I spent 22 years fixing smokers, not following fast food news. But when I saw this story, it reminded me of something I've watched happen to a lot of commercial operators over the past decade.
Menus don't stay still anymore.
The Problem With Building Around One Menu
Back in maybe 2014 or 2015, I got called out to a barbecue restaurant in Beaumont that had bought their smoker specifically sized for brisket and pork butt. That's all they ran. The owner had calculated his weekly volume down to the pound, bought equipment that matched exactly, and figured he was set for the next fifteen years.
Eighteen months later, he wanted to add smoked turkey and a burnt ends program. The burnt ends especially — they'd gotten popular, and he was losing customers to a competitor who offered them. Problem was, his smoker was already running at capacity five days a week just keeping up with his original menu.
He had two choices: turn away the new business or buy a second unit.
Neither one felt great. And honestly, that situation didn't need to happen. He'd bought based on what his menu was, not what it might become. That's a reasonable approach if you're certain your menu will never change. But I've been in this industry long enough to know that certainty doesn't last.
Why This Matters for Equipment Decisions
The Taco Bell thing is an extreme example — a massive chain can spin up supply chains and retrain thousands of locations in weeks. You can't. But the underlying trend affects everyone: customer expectations shift faster than they used to. Social media puts new flavor profiles in front of people constantly. What seemed like a locked-in regional preference five years ago might not hold.
I talked to an operator last spring who runs a Texas-style joint in Houston. Traditional menu, good reputation. He told me he'd started getting requests for smoked beef cheeks and barbacoa-style preparations. Not a lot, but enough that he noticed. His clientele was changing — younger, more adventurous, influenced by what they'd seen on their phones.

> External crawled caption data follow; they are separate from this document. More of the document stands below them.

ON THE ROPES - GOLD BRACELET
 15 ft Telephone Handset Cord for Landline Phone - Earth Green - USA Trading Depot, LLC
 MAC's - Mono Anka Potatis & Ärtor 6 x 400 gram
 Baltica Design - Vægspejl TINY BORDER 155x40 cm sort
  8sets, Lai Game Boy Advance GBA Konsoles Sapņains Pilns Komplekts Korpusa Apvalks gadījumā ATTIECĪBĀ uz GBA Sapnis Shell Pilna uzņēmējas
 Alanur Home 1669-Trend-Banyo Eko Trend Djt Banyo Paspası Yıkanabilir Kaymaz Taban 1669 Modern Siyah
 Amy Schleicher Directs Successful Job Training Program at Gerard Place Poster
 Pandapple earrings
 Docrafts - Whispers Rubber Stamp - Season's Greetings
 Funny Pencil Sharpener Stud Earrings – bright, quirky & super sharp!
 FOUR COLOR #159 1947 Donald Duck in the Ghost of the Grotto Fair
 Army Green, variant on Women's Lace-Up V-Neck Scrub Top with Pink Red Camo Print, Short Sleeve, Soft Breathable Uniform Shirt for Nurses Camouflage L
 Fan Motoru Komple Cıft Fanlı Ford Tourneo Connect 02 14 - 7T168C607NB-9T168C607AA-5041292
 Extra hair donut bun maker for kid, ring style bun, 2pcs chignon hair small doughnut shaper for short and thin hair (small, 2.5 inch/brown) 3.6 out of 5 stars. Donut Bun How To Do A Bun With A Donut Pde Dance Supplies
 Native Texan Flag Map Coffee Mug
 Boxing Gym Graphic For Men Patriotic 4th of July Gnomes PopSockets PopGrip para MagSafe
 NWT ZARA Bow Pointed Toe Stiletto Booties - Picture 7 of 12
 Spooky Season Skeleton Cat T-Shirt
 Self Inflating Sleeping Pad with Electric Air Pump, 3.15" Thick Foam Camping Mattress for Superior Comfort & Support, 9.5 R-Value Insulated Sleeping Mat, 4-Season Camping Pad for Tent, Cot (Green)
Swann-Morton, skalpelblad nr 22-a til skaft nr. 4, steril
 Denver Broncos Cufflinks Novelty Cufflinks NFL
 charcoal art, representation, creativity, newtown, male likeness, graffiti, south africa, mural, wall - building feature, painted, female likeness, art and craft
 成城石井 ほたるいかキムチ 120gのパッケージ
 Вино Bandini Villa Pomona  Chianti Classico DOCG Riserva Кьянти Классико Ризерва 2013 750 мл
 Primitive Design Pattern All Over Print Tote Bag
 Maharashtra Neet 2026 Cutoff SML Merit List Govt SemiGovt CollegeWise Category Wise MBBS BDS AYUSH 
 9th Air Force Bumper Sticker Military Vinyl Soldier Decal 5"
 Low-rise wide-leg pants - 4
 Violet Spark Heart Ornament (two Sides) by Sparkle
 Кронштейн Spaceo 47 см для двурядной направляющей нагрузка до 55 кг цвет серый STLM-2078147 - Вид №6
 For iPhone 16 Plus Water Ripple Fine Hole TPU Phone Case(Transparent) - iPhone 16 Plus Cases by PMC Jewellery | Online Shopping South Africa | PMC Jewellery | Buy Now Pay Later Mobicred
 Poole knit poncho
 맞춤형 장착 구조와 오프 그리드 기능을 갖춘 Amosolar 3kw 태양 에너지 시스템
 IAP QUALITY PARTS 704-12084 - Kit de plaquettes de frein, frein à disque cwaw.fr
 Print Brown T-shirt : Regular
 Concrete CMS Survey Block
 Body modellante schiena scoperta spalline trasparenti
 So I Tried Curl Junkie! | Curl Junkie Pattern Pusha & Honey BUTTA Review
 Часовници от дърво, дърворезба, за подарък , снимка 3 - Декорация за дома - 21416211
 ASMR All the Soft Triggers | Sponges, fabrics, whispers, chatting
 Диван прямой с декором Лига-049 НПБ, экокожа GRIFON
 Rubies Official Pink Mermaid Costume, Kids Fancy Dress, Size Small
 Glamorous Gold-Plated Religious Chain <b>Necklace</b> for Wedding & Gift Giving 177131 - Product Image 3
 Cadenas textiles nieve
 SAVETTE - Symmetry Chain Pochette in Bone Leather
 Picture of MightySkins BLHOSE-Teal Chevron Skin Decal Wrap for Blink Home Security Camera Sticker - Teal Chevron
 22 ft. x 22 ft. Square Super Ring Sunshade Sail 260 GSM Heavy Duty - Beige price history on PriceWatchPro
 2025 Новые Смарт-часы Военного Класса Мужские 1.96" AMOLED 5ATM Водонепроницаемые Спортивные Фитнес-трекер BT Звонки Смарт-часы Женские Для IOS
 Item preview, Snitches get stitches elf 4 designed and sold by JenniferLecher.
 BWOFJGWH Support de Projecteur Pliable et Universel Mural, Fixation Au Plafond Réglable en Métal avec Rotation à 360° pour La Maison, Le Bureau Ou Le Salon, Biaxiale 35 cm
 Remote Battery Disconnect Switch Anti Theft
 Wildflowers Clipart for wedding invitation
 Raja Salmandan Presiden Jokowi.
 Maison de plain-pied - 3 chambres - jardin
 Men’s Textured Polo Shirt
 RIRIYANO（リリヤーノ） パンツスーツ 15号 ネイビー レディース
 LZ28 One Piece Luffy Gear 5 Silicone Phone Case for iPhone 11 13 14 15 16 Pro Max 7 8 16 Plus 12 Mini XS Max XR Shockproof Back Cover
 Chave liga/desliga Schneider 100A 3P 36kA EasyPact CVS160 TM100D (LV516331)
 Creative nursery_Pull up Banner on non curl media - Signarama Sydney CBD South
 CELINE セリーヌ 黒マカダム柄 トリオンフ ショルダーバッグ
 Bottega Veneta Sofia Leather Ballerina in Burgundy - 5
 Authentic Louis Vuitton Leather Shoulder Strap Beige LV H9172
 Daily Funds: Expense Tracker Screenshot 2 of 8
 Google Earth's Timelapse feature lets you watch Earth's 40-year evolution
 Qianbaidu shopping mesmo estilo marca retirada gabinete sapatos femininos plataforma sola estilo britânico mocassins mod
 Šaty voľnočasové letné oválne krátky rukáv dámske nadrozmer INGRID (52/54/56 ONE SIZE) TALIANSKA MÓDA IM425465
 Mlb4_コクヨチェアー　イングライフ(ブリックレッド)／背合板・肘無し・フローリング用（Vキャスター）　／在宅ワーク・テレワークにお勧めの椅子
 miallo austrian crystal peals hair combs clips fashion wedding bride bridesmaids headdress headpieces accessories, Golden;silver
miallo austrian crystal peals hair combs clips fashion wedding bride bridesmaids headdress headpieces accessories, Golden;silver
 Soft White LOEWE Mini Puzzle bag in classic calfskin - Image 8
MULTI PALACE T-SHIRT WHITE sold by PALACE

He wasn't sure if it was a fad or a real shift. But he was glad he'd bought an SP-700 with more capacity than he strictly needed at the time. Gave him room to experiment without disrupting his core production.
That's the thing about capacity. You can always run a smoker below its maximum. You can't run it above.
Rotisserie Systems and Product Variety
One advantage I've seen with Southern Pride's rotisserie design — and I'm obviously biased here, but I watched these things run for over two decades — is how well they handle mixed loads. The rotating racks mean you're not dealing with hot spots the way you do in a static cabinet. You can run ribs on one level, chicken on another, and a test batch of something new on a third, and they'll all cook evenly.
That matters when you're trying out menu additions. You don't want to dedicate an entire cook cycle to twelve pounds of an experimental item. You want to slide it in alongside your regular production and see how it performs.
I've seen operators on cheaper units — some of the import brands especially — struggle with this. The temperature variance from top to bottom forces them to load similar products together. That's fine if your menu never changes. But if you want to test smoked salmon one week and lamb ribs the next, you need equipment that won't fight you.
The Capacity Question
When I help operators spec equipment now, I always ask about their five-year plan. Not in some corporate strategy sense. Just: what might you want to do that you're not doing now?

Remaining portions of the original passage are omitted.